A Ordem dos Advogados considera que a Estratégia Nacional de Combate à Corrupção tem “laivos de prepotência processual” que põem em causa princípios constitucionais ao nível dos Direitos, Liberdades e Garantias, apontando as buscas digitais e a delação premiada.

Em comunicado, a Ordem diz que as propostas do Governo nesta área são apenas “formas de suprir as ineficiências e incapacidade do sistema político, investigatório e judicial” e manifesta “enorme preocupação” com as sugestões na área do cibercrime e das buscas online.

“Representam mais do que uma interceção telefónica em termos de intromissão na vida privada”, considera a Ordem dos Advogados (OA), lembrando que “a maior parte dos cidadãos, hoje em dia, descarrega toda a sua vida pessoal e profissional nos seus dispositivos eletrónicos, sejam computadores, telemóveis ou tablet” e que “a maior parte dessa vida, em regra, não tem qualquer relevância para a investigação”.

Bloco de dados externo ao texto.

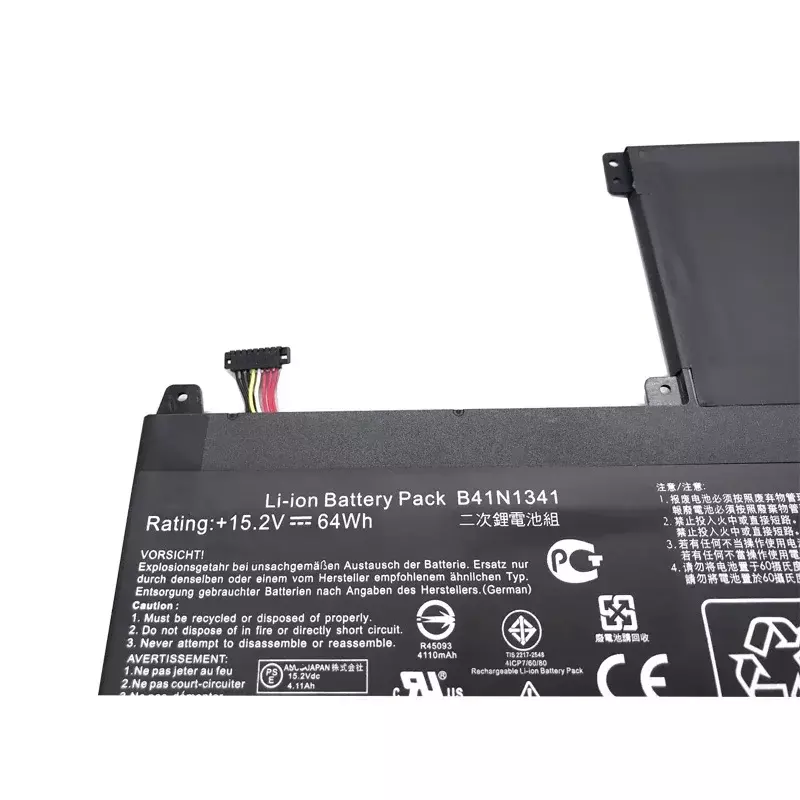LMDTK-bateria do portátil para ASUS, B41N1341, Q502, Q502LA, Q502LA-BBI5T12, Q502LA-BBI5T14, Q502LA-BBI5, 15.2V, 64Wh, Novo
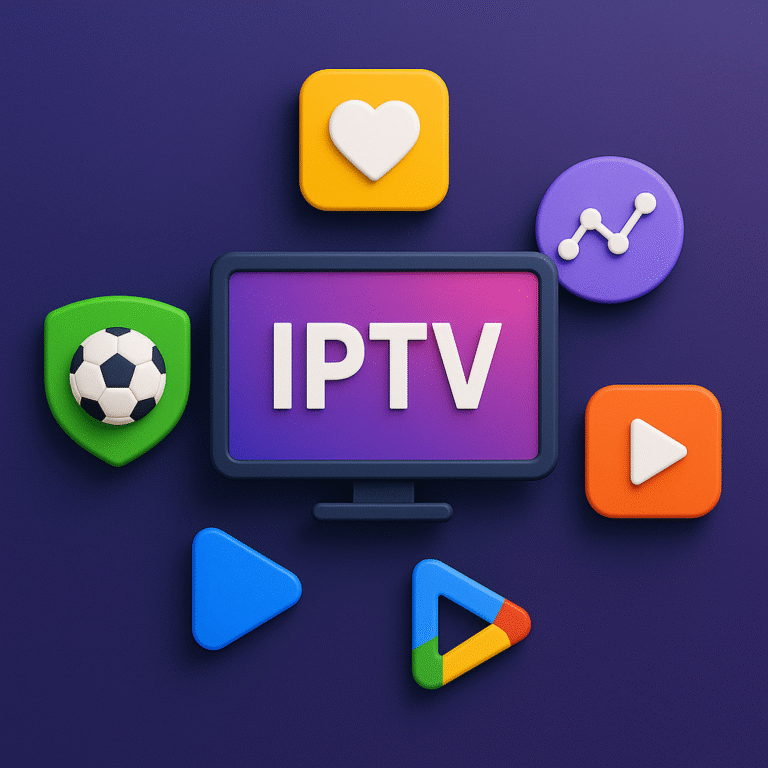 Top IPTV Apps voor Android TV en Google TV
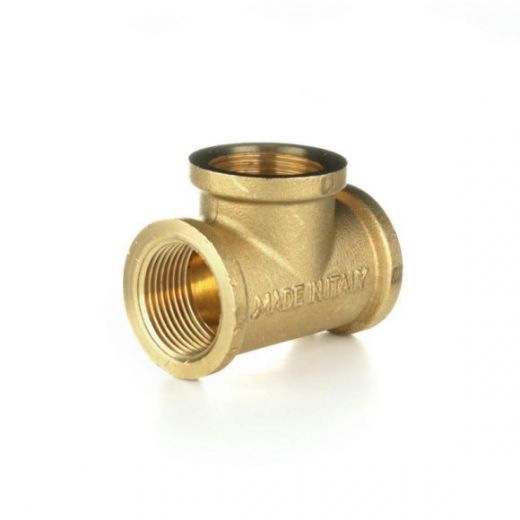 Тройник равнопроходной ВВВ 1" ELSEN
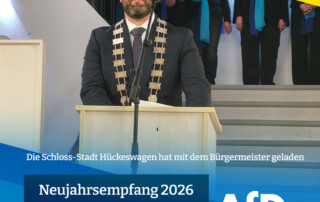 Neujahrsempfang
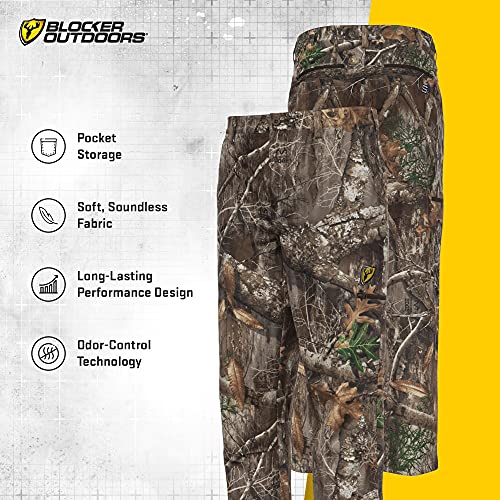 Scent Blocker Shield Series Angatec Pants, Hunting Pants For Men (Realtree Edge, 3X-Large) #TOP3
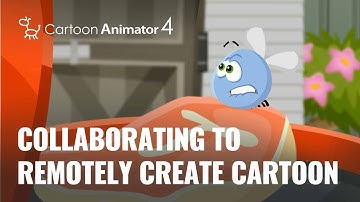 CTA Tutorial - Collaborating to Remotely create a Fully-Animated Cartoon in 2 Weeks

“No entanto tudo é devassado, sem que saibamos”, refere a OA, em comunicado, acrescentando: “Passará a ser perigoso viver em Portugal”.

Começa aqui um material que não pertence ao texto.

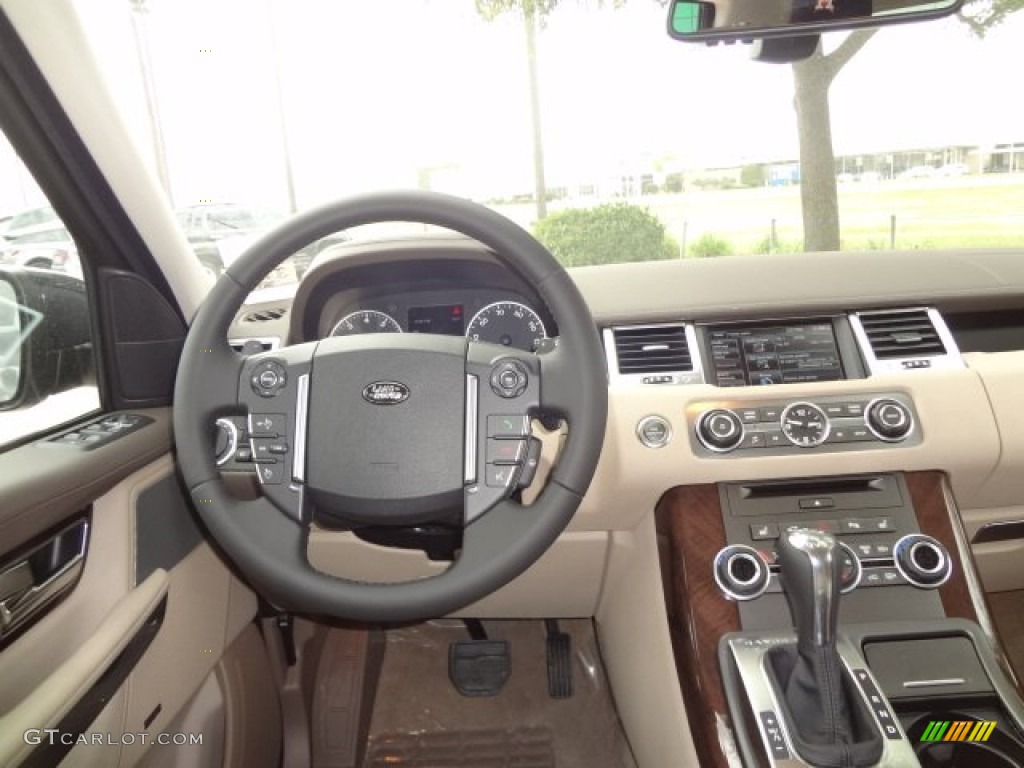 2013 Land Rover Range Rover Sport Supercharged Dashboard Photos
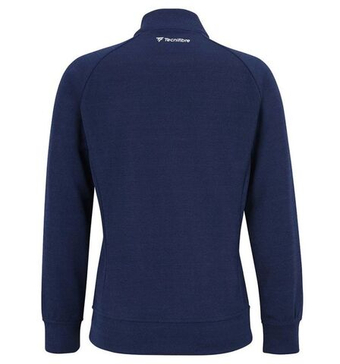 Кофта для девочки теннисная Tecnifibre Team Junior - marine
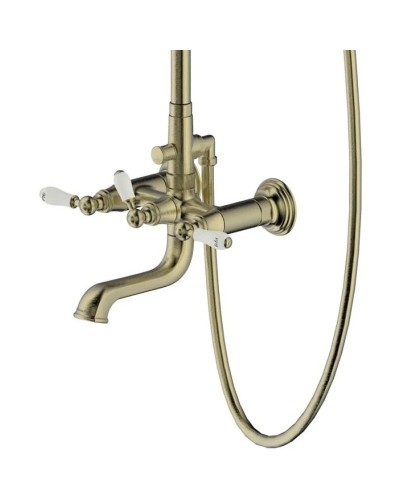 Душевая система 198 мм Bravat Art F65193AR-A3-RUS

Os advogados consideram que o volume de produção legislativa que nos últimos 15 anos tem vindo a ser produzido em Portugal sobre combate à corrupção é imenso, mas nunca se concretizou.

Na verdade, enquanto não foram implementadas com efetividade, no terreno, as diversas medidas legislativas já abundantemente existentes no nosso ordenamento jurídico, de nada adiantará continuar a produzir legislação em massa que apenas contribuirá para gerar mais confusão legislativa sem quaisquer resultados práticos na prevenção, deteção e repressão do fenómeno corruptivo e da criminalidade conexa”, diz.

A Ordem defende que se deve apostar no reforço dos meios operacionais de prevenção, “com ações de formação efetiva em toda a sociedade”, sobretudo junto das camadas mais jovens, nos meios escolares.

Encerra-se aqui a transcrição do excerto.